**Exercise**
Your answer must be only the lines below from the one containing "Wide shot of" through the one containing "a handful of", copied exactly, with the pictures left out.

**Image-text web data**
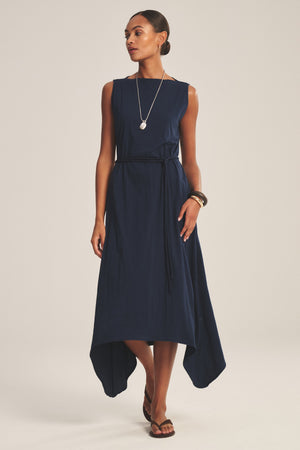 A woman models the DREE DRESS by Velvet by Graham & Spencer—a sleeveless navy blue handkerchief hem dress—styled with a thin belt, long necklace, bangles, and black sandals against a plain light background.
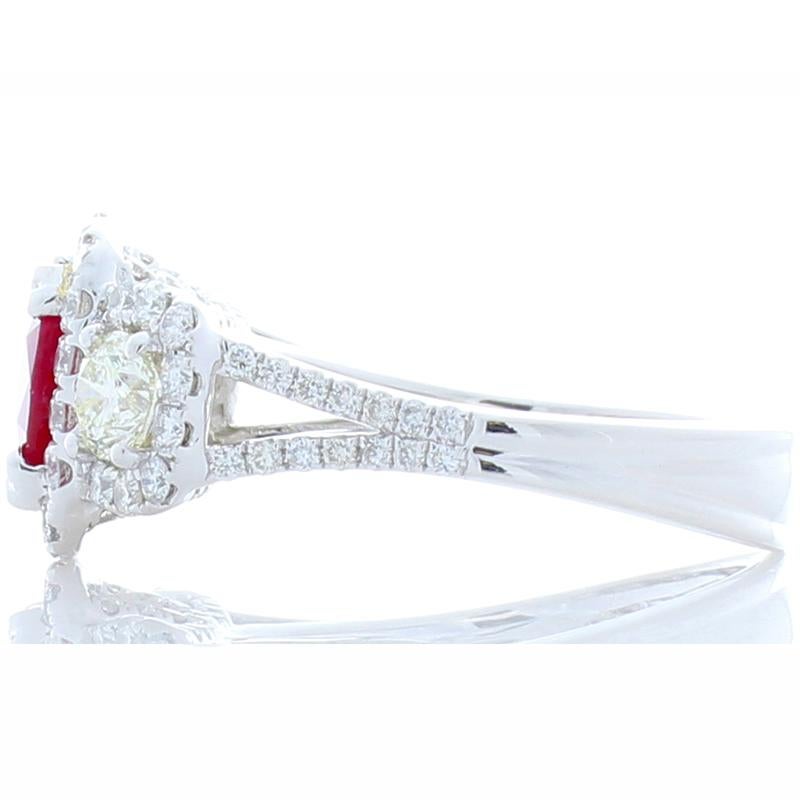 This blood red ruby ring will stop you in your tracks with its seductive color. A 2.03 carat, cushion cut, measuring 7.33 x 7.26 mm, ruby is from Thailand. Its color is blood red, evenly distributed through the gem. It has character, just stare at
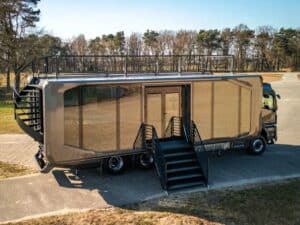 Wide shot of the Shiver x Expandable unit fully deployed with a spiral staircase and rooftop railing in a forest clearing.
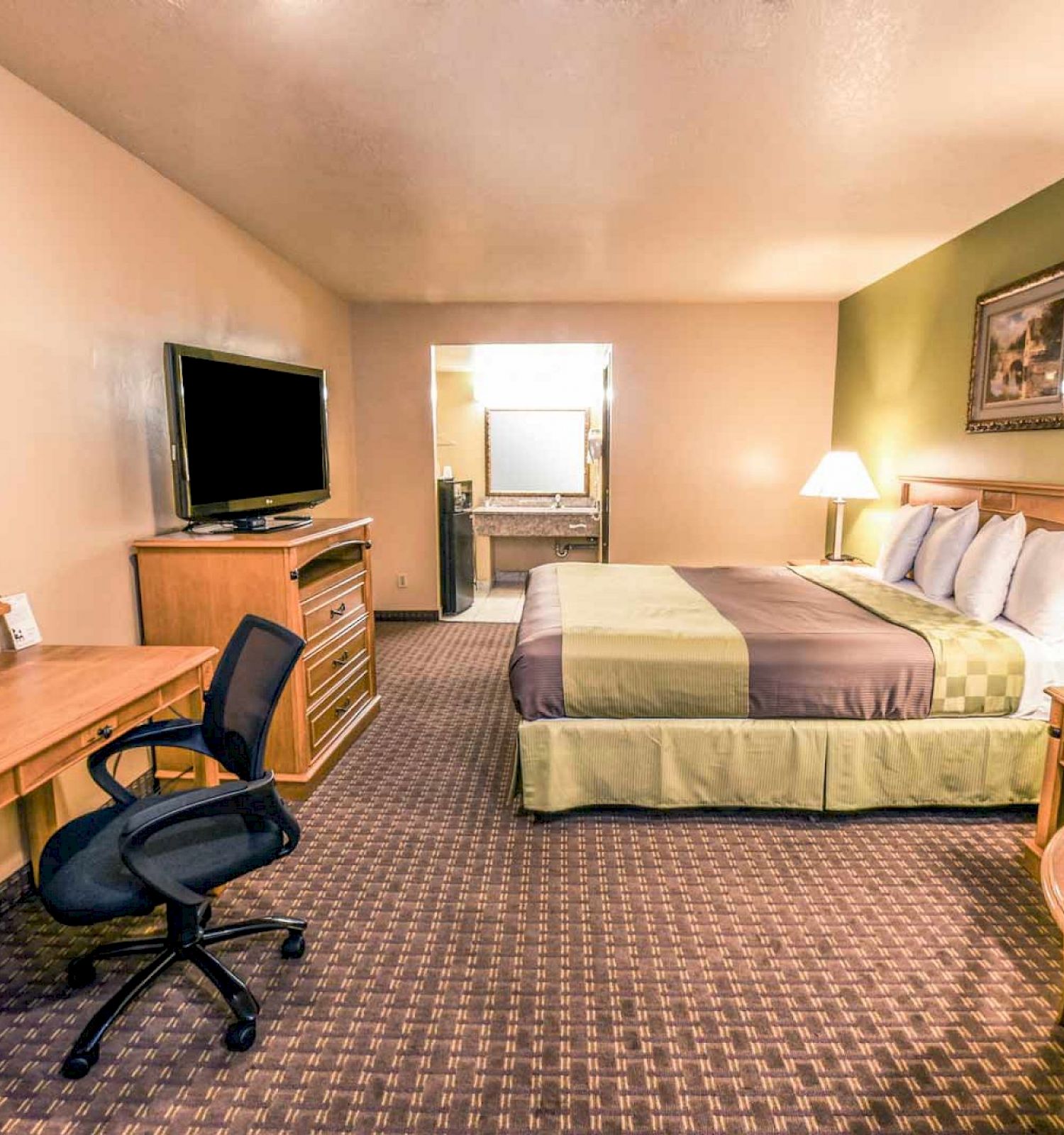 A hotel room with a large bed, TV, desk with chair, two lamps, and a small table with chairs. The walls are beige and green.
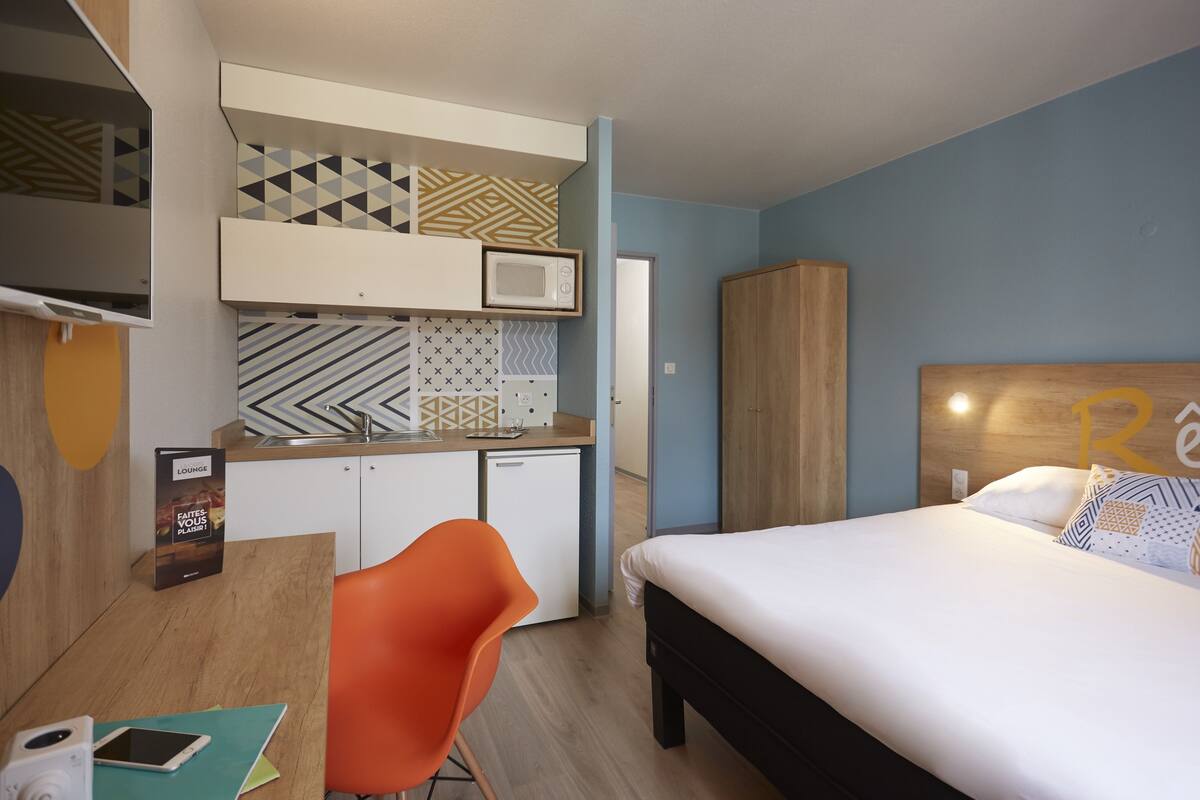 Ein modernes Hotelzimmer mit Bett, Schreibtisch mit Stuhl, Mikrowelle und einer kleinen Küchenzeile.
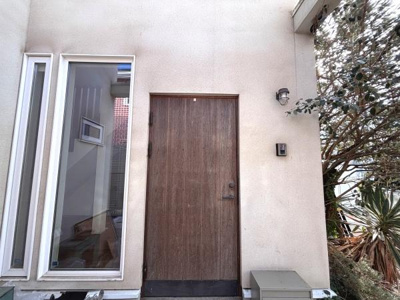 シンプルな木目調の扉が落ち着いた雰囲気を演出します。大きな縦長窓が隣接し自然光がしっかり差し込みます。玄関先には植栽もありさりげない緑がアクセントになっています。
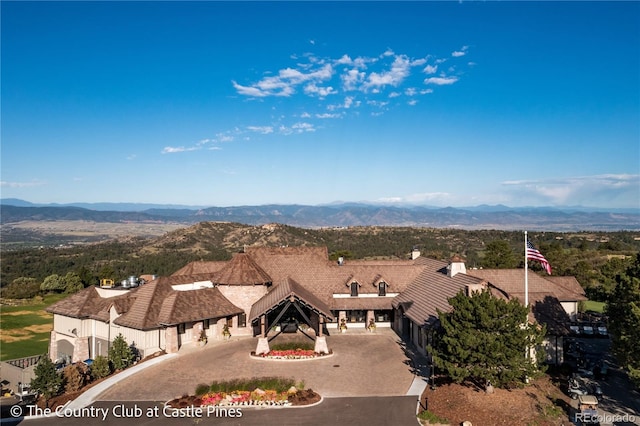 drone / aerial view featuring a mountain view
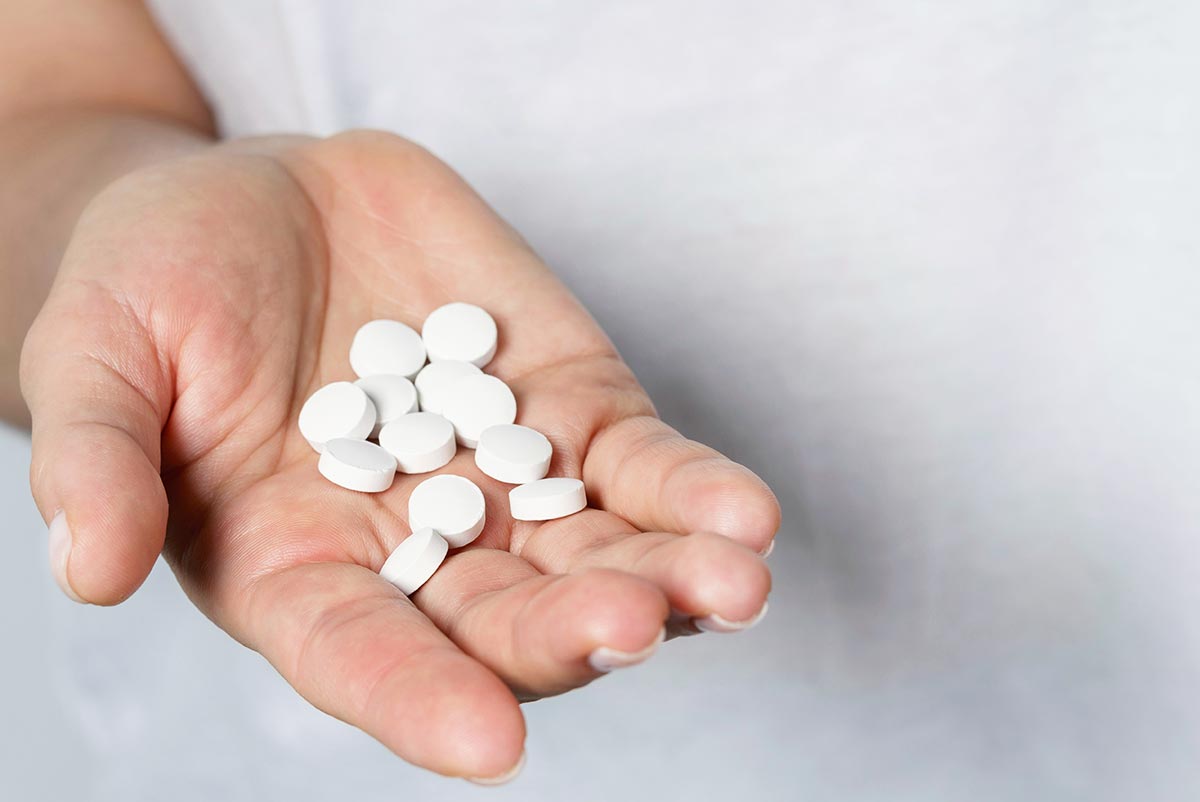 a handful of white medicines captagon concept middle eastern drug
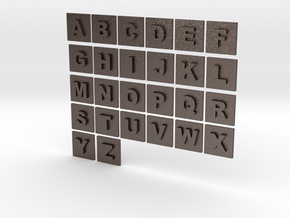 latin alphabet letters puzzle pieces in Polished Bronzed Silver Steel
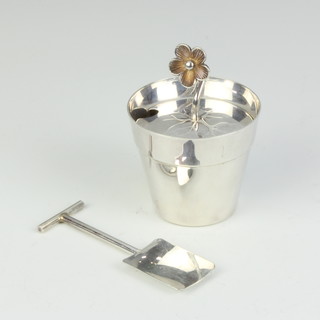 A Tiffany sterling silver flower pot with lid and a ditto miniature spade, 80 grams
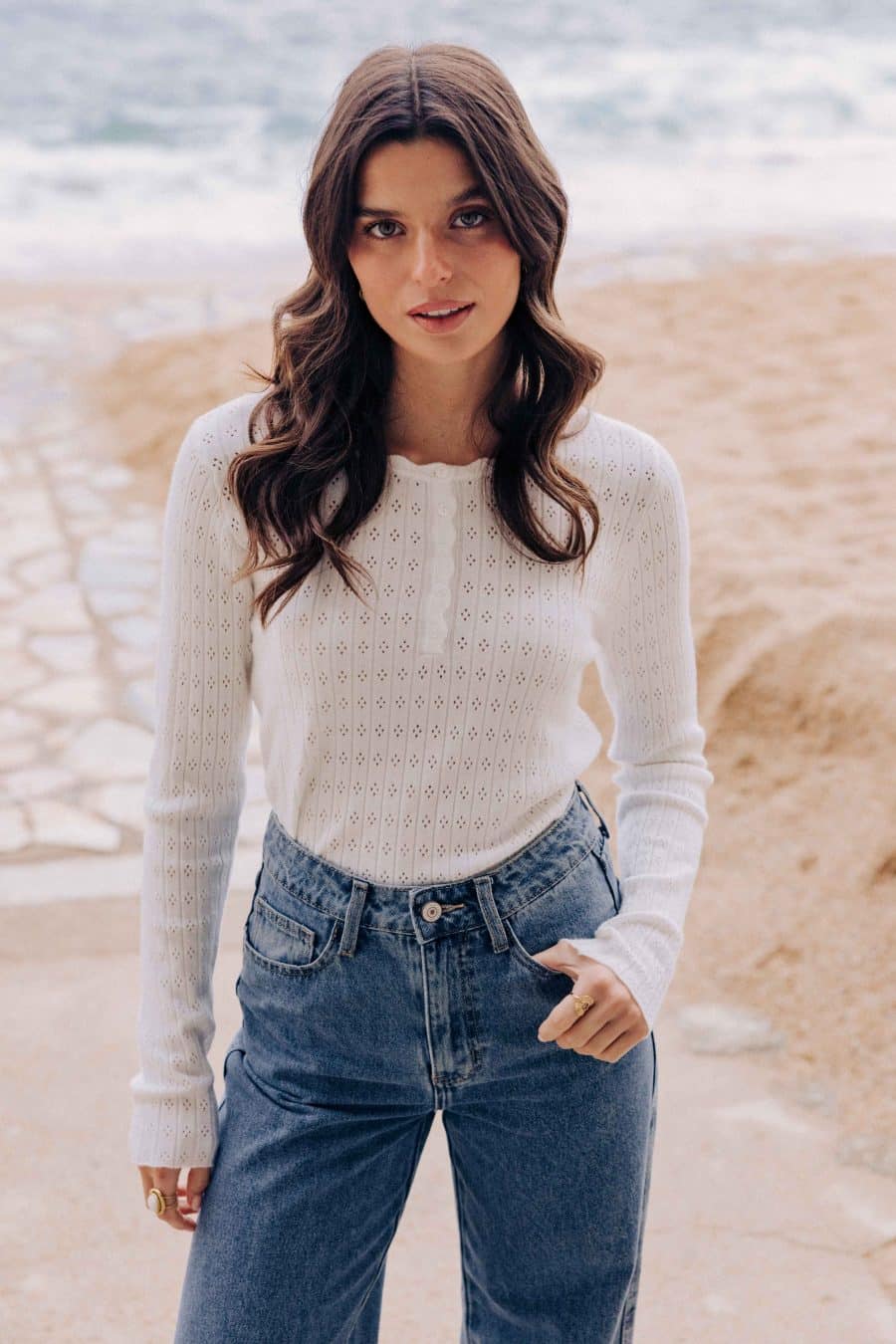 Top Elowan Sahoma blanc en maille ajourée et col tunisien, manches longues, portée avec un jean bleu foncé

**Finished task**
 Wide shot of the Shiver x Expandable unit fully deployed with a spiral staircase and rooftop railing in a forest clearing.
 A hotel room with a large bed, TV, desk with chair, two lamps, and a small table with chairs. The walls are beige and green.
 Ein modernes Hotelzimmer mit Bett, Schreibtisch mit Stuhl, Mikrowelle und einer kleinen Küchenzeile.
 シンプルな木目調の扉が落ち着いた雰囲気を演出します。大きな縦長窓が隣接し自然光がしっかり差し込みます。玄関先には植栽もありさりげない緑がアクセントになっています。
 drone / aerial view featuring a mountain view
 a handful of white medicines captagon concept middle eastern drug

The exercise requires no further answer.